Author(s): Ansell JE
Abstract Share this page
Abstract Prothrombin time monitoring of oral anticoagulation is highly dependent on the tissue thromboplastin used. In the United States, patients have received a higher level of anticoagulation because of the use of a less sensitive thromboplastin. Many advocate the use of an International Normalized Ratio to rectify this problem. Laboratory supervisors from all acute care hospitals in Massachusetts were surveyed to determine the disparity in thromboplastin use and reporting practices for prothrombin time testing. Eighty-eight of 103 (86\%) hospitals responded. Fifty-eight lots from six manufacturers of thromboplastin were in use. The International Sensitivity Index of these lots ranged from 1.89 to 2.74. Ninety-nine percent of hospitals reported prothrombin times in raw seconds.
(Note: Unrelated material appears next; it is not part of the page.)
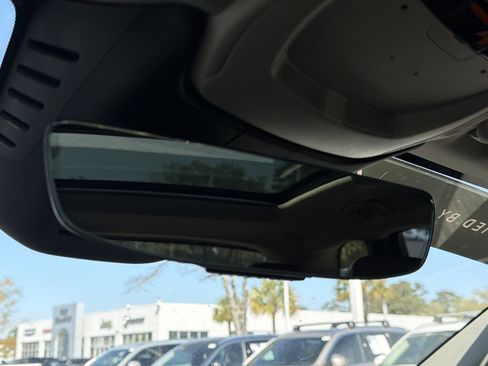 Certified 2025 Volvo XC60 B5 Plus w/ Climate Package image 27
Only 5\% reported an International Normalized Ratio. Sixteen different coagulation instruments were in use. Close to 70\% of laboratory supervisors had little or no understanding of the significance of an International Sensitivity Index or an International Normalized Ratio. The management of oral anticoagulation appears far less precise than had been believed. Prothrombin times in the same individual from different laboratories may have poor correlation. Based on the level of understanding of laboratory supervisors, extensive education will be necessary to change practices and improve accuracy and comparability of prothrombin time testing.